WHAT TO WORK ON » Search the records for the string "Cover", then copy each line where it appears.

--- START ---

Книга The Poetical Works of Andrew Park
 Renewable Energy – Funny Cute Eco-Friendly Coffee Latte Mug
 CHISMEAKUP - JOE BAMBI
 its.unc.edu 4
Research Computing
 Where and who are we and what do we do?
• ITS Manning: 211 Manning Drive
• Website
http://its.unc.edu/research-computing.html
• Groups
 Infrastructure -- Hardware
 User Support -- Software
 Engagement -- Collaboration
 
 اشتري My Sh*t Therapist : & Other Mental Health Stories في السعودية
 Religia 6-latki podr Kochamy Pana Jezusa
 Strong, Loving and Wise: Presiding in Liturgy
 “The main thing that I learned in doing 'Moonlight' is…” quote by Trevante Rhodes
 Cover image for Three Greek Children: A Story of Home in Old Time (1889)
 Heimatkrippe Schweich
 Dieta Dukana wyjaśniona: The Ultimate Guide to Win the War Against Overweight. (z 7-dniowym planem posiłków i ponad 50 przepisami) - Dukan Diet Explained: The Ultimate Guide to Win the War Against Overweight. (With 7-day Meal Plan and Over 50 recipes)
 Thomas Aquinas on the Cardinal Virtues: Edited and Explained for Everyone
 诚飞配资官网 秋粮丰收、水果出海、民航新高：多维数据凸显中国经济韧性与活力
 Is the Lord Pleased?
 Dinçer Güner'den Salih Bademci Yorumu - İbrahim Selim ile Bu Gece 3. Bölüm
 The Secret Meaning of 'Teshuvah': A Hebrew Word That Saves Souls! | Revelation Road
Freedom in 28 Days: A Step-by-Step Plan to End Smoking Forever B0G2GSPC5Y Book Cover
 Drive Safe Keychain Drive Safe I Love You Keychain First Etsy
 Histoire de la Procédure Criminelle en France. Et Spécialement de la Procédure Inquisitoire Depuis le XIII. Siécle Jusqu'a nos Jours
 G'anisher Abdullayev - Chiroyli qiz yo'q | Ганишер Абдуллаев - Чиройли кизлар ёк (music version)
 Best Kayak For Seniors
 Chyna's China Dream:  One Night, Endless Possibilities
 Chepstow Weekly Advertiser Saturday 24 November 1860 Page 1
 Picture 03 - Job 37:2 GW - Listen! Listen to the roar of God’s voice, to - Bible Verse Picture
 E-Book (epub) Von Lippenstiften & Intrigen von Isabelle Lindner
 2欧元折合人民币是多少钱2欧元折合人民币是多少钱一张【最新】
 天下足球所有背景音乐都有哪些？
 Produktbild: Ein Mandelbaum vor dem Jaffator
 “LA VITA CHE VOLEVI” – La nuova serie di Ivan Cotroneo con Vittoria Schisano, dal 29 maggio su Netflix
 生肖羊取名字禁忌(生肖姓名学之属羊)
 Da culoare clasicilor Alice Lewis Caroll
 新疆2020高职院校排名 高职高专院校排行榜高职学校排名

--- END ---

PROBLEM SOLUTION »
 Cover image for Three Greek Children: A Story of Home in Old Time (1889)
Freedom in 28 Days: A Step-by-Step Plan to End Smoking Forever B0G2GSPC5Y Book Cover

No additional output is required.